✅ 🇬🇧 Entité-Association Model - MCD (student)
Catégorie | Cours |
---|---|
Ordre d'apprentissage | 13 |
Statut | préparé |
Cours de Julie Chaumard
Data Dictionary
The Marathon Information System Project
The Marathon des Sables organizing committee aims to develop an information system to manage the events for which it is responsible. The project is now underway. The first step consists of identifying the content of the database.
Objective of This Step
The objective of this step is to establish a comprehensive list of the metadata in our database and the business rules that should be applied to them.
This list is formalized as a data dictionary, which serves several purposes:
• It defines the metadata in the context of the project.
• It provides a comprehensive inventory of all metadata.
• It must be understandable and validated by all stakeholders.

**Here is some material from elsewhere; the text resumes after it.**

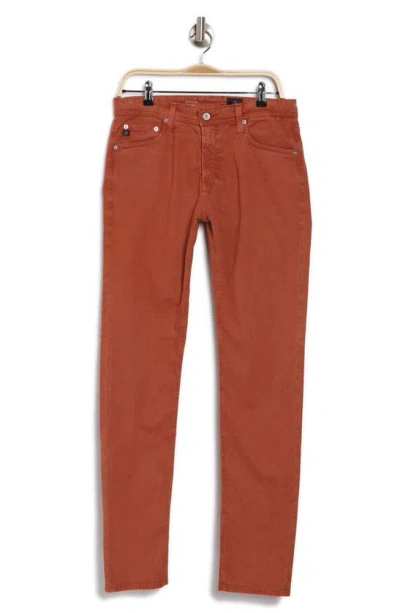Ag Dylan Skinny Fit Pants In Brown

Metadata Definition Process
To define the metadata, several input elements are required. These inputs can take different forms:
• Documents: specifications, existing editions, etc.
• Existing IT applications.
• Discussions with users.
The project team is responsible for organizing workshops to exchange information and identify the inputs for the data dictionary.
For the Marathon project, the organizing team presents documents during these workshops, such as the starting list, bib numbers, route details, and results. Similarly, the document used for distributing bibs to runners is collaboratively developed.
At the end of this step, a list of metadata and their associated business rules should be established.
Data Dictionary
Label | Type | Size | Description |
---|---|---|---|
Defines a metadata item within the information system. This information must be single-valued and non-decomposable. Single-valued means that this information can take only one value within the project context. | |||
Runner’s last name | String | 50 | The runner’s last name must match the one on their identity card. |
Runner’s date of birth | Date | DD/MM/YYYY | The runner’s date of birth must match the one on their identity card. |
Runner’s age | Integer | 3 | The runner’s age is calculated as the difference between the current date and their date of birth. |
Decomposing Information
The decomposition of information depends heavily on the context in which it is used.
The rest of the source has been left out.